**SOURCE INFORMATION**:
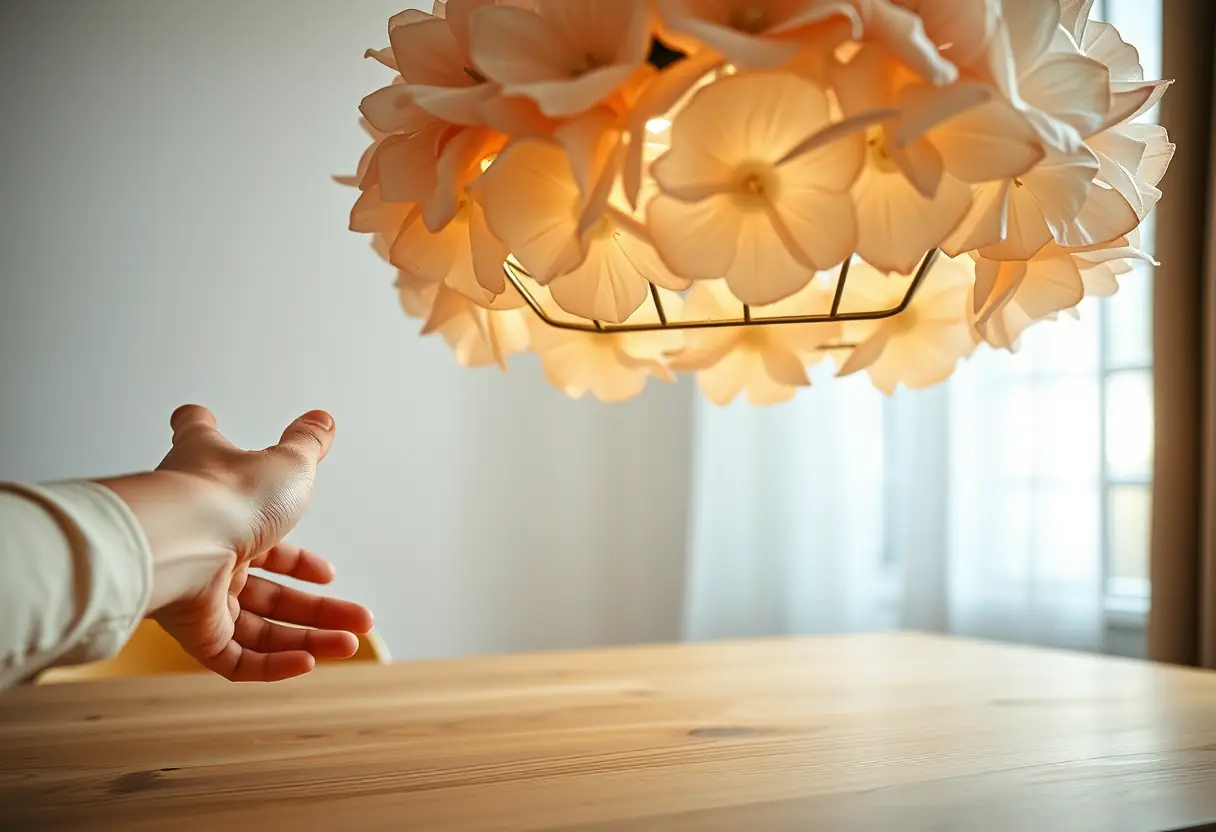 Main posant délicatement une lampe fleur sur une table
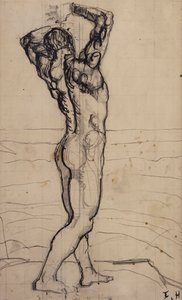 Männlicher Akt, Studie für die Wahrheit, um 1901-02 von Ferdinand Hodler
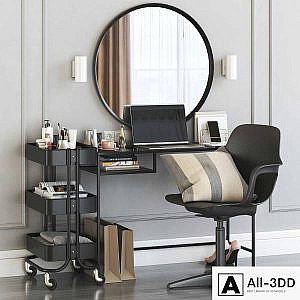IKEA VITTSJO dressing table with ODGER chair and RASKOG cart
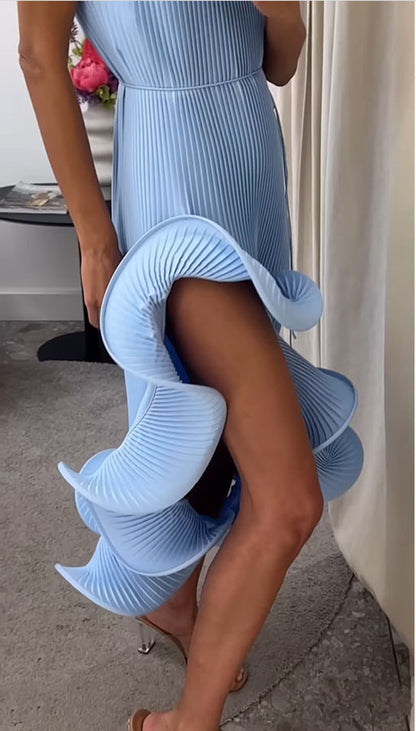 Solid Color Sleeveless Waist Tie Irregular Ruffle Slim Midi Dress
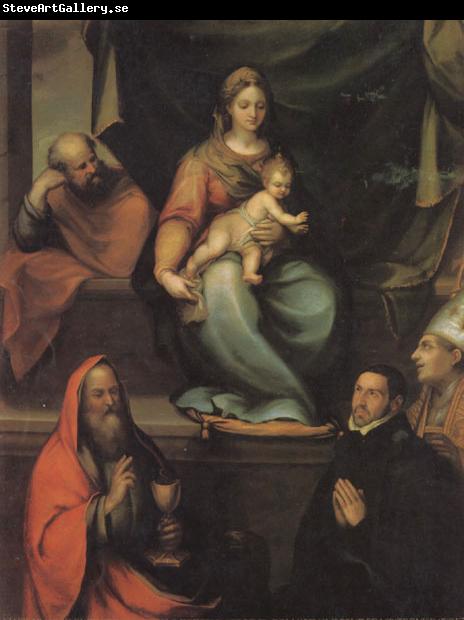 Prado, Blas del The Holy Family,with SS.Ildefonsus and john the Evangelist,and the Master Alonso de Villegas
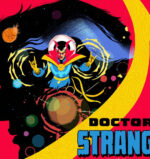 Doctor Strange swirls magic ring inside a silouette of his own profile.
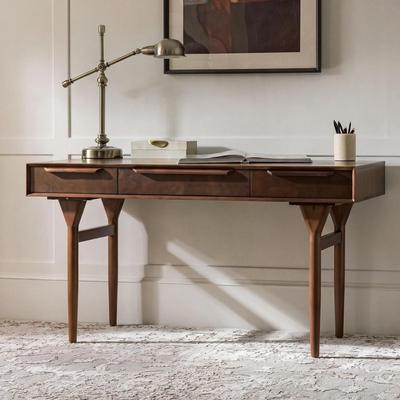 HULALA HOME Bertha Mid-century Desk With 3 Drawers
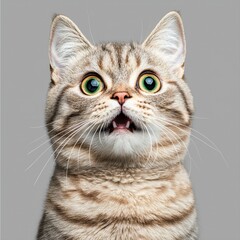 Surprised cat with wide eyes and an astonished expression captured in a moment of genuine feline shock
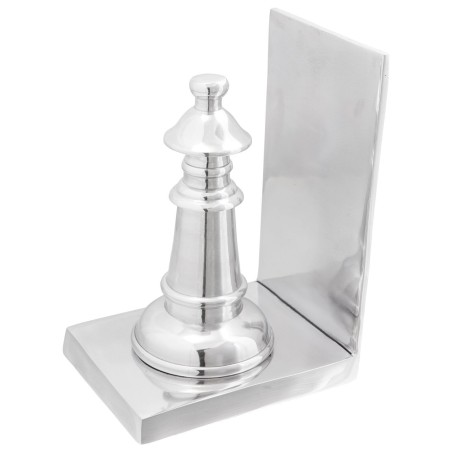 Serre-livres 2 pcs Argent 11x12x19,5 cm Aluminium Échecs 
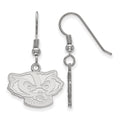 Sterling Silver Rhodium-plated LogoArt University of Wisconsin Badger Small Dangle Wire Earrings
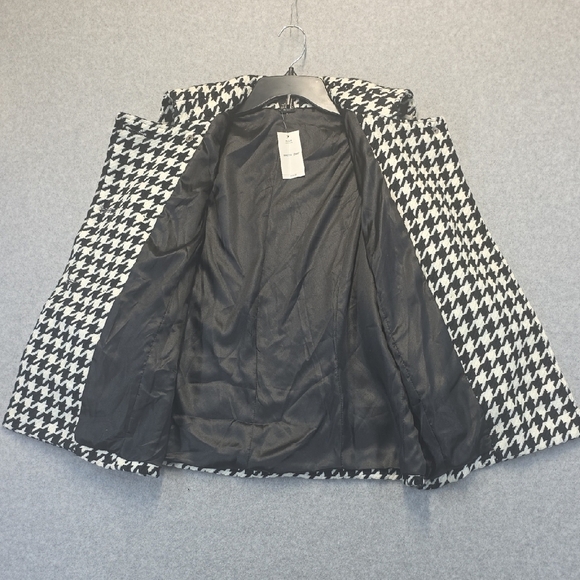 Cejon Houndstooth Cape Poncho Black White Wool Blend M/L NWT - Picture 12 of 13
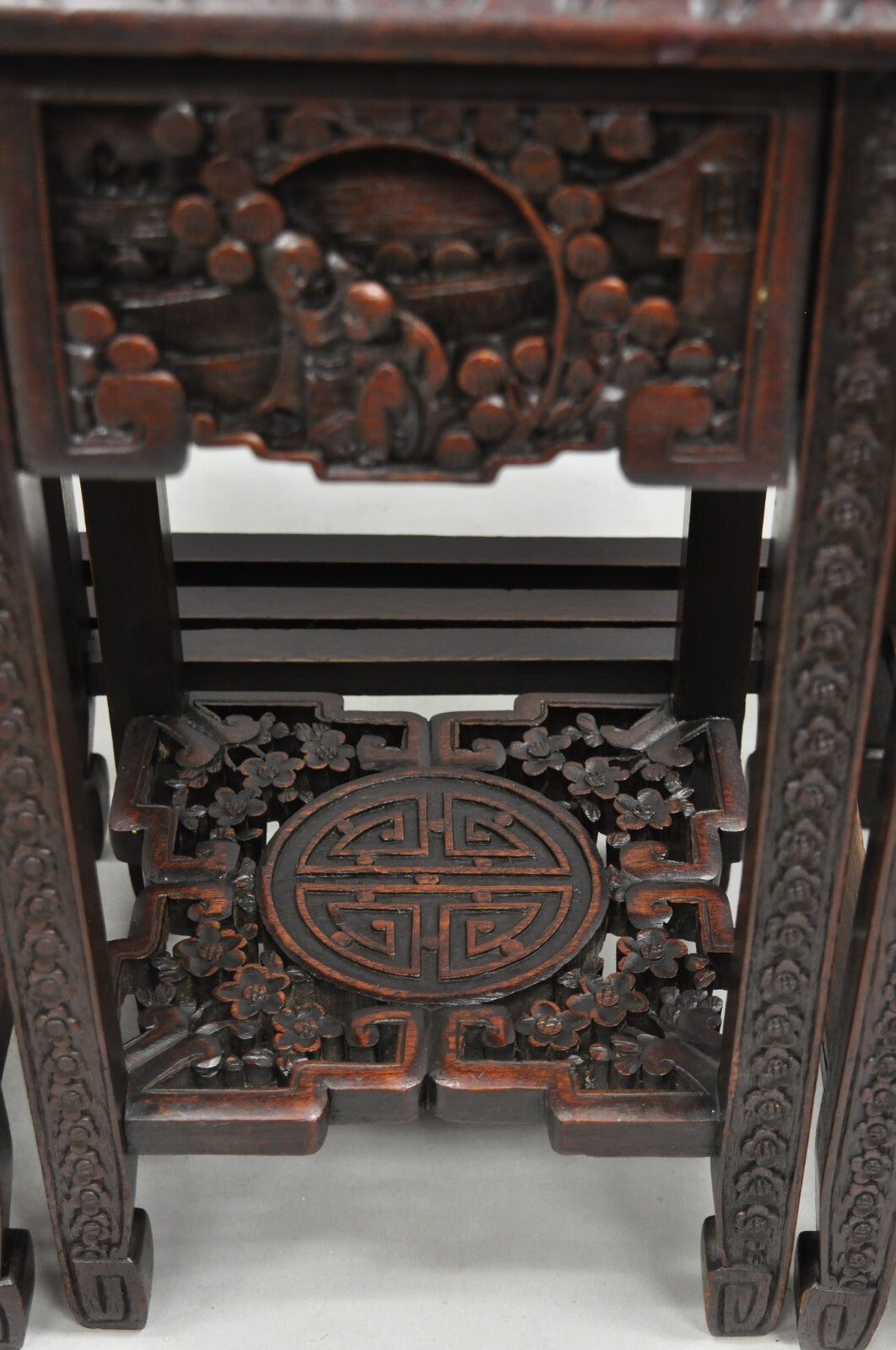 Antique Chinese Carved Rosewood Figural Nesting Side Tables w/ Drawer - 4 Pcs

**YOUR TASK**: To complete this exercise, transcribe exactly the lines above from the one that holds "Männlicher Akt, Studie" through the one that holds "Solid Color Sleeveless". Pictures stay out.

**SOLVED EXERCISE**:
 Männlicher Akt, Studie für die Wahrheit, um 1901-02 von Ferdinand Hodler
IKEA VITTSJO dressing table with ODGER chair and RASKOG cart
 Solid Color Sleeveless Waist Tie Irregular Ruffle Slim Midi Dress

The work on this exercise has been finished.